We’ve now produced about 35 Road Back episodes since last April (if you have an urge to binge-watch, they’re all archived at https://clubandresortbusiness.com/category/the-road-back/). They’ve consistently received high viewership, and we’ve heard from many of you that they have served as helpful guides for you and your staffs, as you’ve tried to tackle similar issues and problems.
But even while some restrictions on operations remain as we move further into 2021, it’s becoming increasingly clear that many of those challenges have now been more than met, and that a return to success has largely been accomplished at many properties. Overall, there are plenty of signs that the club industry has traveled “The Road Back” well enough that it’s now time to move on for a look at “The Road Ahead” (and you can expect a repositioning of our video series along those lines in the near future).
It’s been interesting, in fact—for the first time in 16 years, I haven’t been able to see and talk with club managers in person at first-quarter conferences and shows, to get an idea of what lies ahead for them and their staffs and properties as they plan for the upcoming year. So I’ve been trying to catch up more via e-mail and phone, in addition to the Zoom interviews I’ve done for “The Road Back.”
And through that I’ve learned that many managers are using the time that they themselves are saving this year by not traveling and attending conferences—and in many cases, the time they still have before their golf courses and pools and outdoor dining spaces get inundated again—to take a deeper dive into being more forward-focused. And this doesn’t involve personal introspection, in the way that psychologists and management gurus use the term.

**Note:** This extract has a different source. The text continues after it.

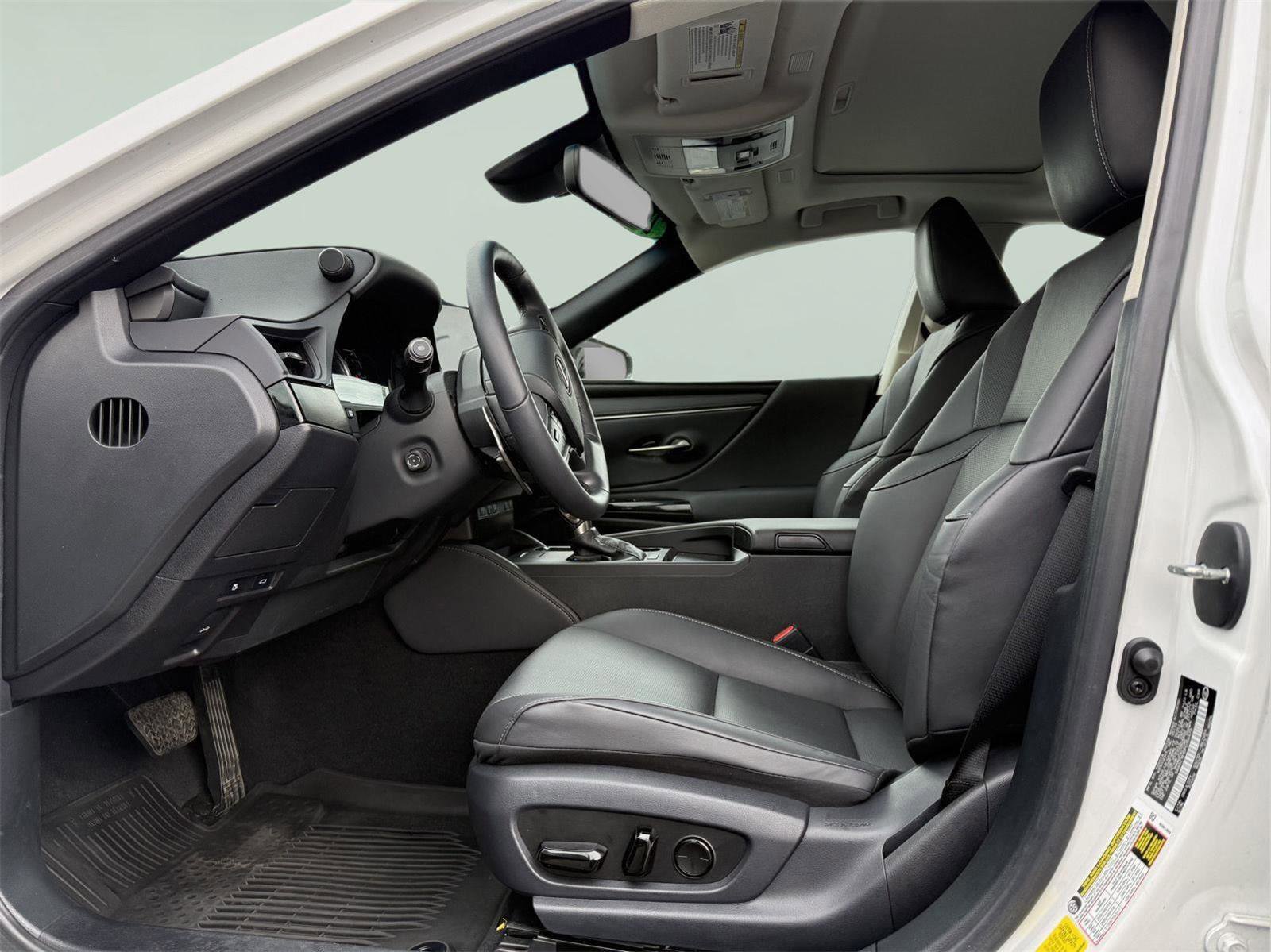 Used 2023 Lexus ES 350 ES 350 w/ Premium Package image 11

Instead, I’ve come across many cases where management teams are immersing themselves in thinking about how they can be better prepared for the ways in which the club business, and club operations, have been significantly and permanently changed by the events of the past year. These cover a wide range of areas; here’s just a sampling of some of the ones I’ve heard about most frequently:
• the need for new strategies to handle increased supply/demand issues for the golf course, pool, tennis courts and other facilities, after an influx of new members has coincided with increased use by existing ones to create unanticipated (but welcomed) usage crunches;
• reassessing the effectiveness of traditional communications approaches, both internally and externally, and how the trend to virtual communications can best be adopted;
• how new lifestyle realities that have emerged for both work and school should affect how clubs are set up and operated, to best accommodate the changing needs of members and their families;
• permanently embedding outdoor dining, takeout, “pop-ups” and other innovative uses of the property into food-and-beverage service;
• new staff-recruiting initiatives, seasonal and otherwise
With all of this and much more emerging to take in as interesting new scenery, there’s certainly no reason to keep looking in the rear-view mirror, or traveling the same old roads.